Grundfreibetrag ab 2019: 9.168 Euro

Kinderfreibetrag ab 2019: 7.620 Euro

Kindergeld für das erste und zweite Kind:
204 Euro

Kindergeld für weitere Kinder: 235 Euro

Lohn und Gehalt

Zuschüsse des Arbeitggebers zum Jopticket des Arbeitnehmers sind ab 2019 wieder steuerfrei, sofern sie zum ohnehin geschuldeten Arbeitslohn bezahlt werden.

Arbeitgeber können Ihren Arbeitnehmern auch Fahrräder und E-Bikes steuerfrei überlassen.

Die steuerfreien Leistungen für Jobticket und Fahrrad werden auf die Entfernungskilometer angerechnet.

Wer ein Elektro- oder Hybridelektrofahrzeug als Dienstwagen nutzt muss ab 2019 nur noch 0,5 Prozent (statt 1 Prozent) des Bruttolistenpreises als
Privatanteil ansetzen. Voraussetzung ist, das das Auto mit ihrem Elektromotor mindestens 50 Kilometer weit fahren können und bestimmt CO2-Werte nicht
überschreiten.

Die Sachbezugswerte für Arbeitnehmer steigen ab 2019. Der Monatswert für Verpflegung beträgt 251 Euro (Tageswert für eine Mittagessen max 6,40 Euro). Der Monatswert für Unterkunft und Miete liegt bei 231 Euro.

Sozialversicherung

Allgemeiner Beitragssatz in der Krankenversicherung für Arbeitgeber und Arbeitnehmer je 14,6 %

Der Mindestbeitrag für Selbständige, die freiwillig versichert sind, sinkt auf 171 Euro.

Der Beitragssatz in der Pflegeversicherung steigt für Arbeitnehmer und Arbeitgeber um 0,5 Prozent auf 3,05 Prozent (für Kinderlose auf 3,3 Prozent).

Der Beitragssatz in der Arbeitslosenversicherung sinkt jeweils auf 2,6 Prozent.

Spart ein Arbeitgeber bei der betrieblichen Altersversorgung Sozialversicherungsbeiträge, ist er bei Abschlüssen von Versicherungen ab 2019 verpflichtet, den ersparten Arbeitgeberanteil an den Sozialversicherungsbeiträgen in pauschalierter Form (15 % des Umwandlungsbeitrages) zugunsten seines Beschäftigten an die durchführende Versorgungseinrichtung weiterzuleiten.

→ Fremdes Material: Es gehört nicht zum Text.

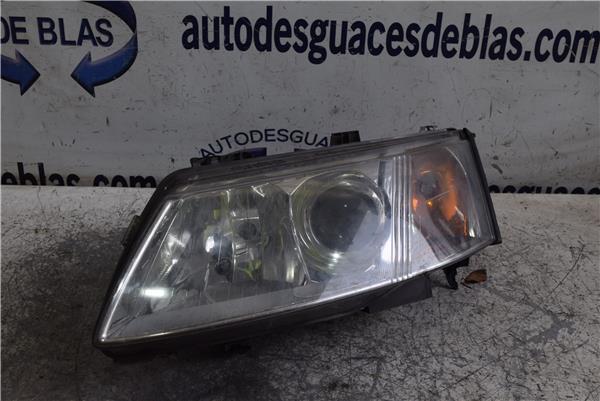 9-3 BERLINA FARO XENON IZQUIERDO 9-3 BERLINA FARO XENON IZQUIERDO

Für vorher abgeschlossene Entgeltumwandlungsvereinbarungen gilt dies erst ab dem Jahr 2022.

Minijob und Gleitzone

Die Grenze für den Minijob bleibt auch im Jahr 2019 bei 450 Euro, obwohl der Mindestlohn auf 9,19 Euro steigt.

Die Gleitzone bei den Midijobs beträgt ab 2019: 450,01 Euro bis 1.300 Euro.

Firstverlängerung / Verspätungszuschläge

Der bisherige Stichtag 31. Mai verschiebt sich ab 2019 um zwei Monate nach hinten. Wer seine Steuererklärung für 2018 selbst macht, hat also bis zum 31. Juli Zeit, die Erklärung beim Finanzamt einzureichen. Die verlängerte Abgabefrist gilt dauerhaft. Wer einen Steuerberater oder Lohnsteuerhilfeverein engagiert, hat ebenfalls zwei Monate mehr Zeit, seine Belege zusammenzusuchen. Statt wie bisher Ende des Jahres ist die Abgabefrist nun Ende Februar des Folgejahres - für die Steuererklärung 2018 also erst am 29. Februar 2020.
Aber Vorsicht: Steuerpflichtige, die die Frist versäumen und keine Fristverlängerung beantragt haben, sollen ab 2019 automatisch mit einem Verspätungszuschlag belegt werden. Bislang lag es im Ermessen des jeweiligen Finanzamts, diesen auszusprechen.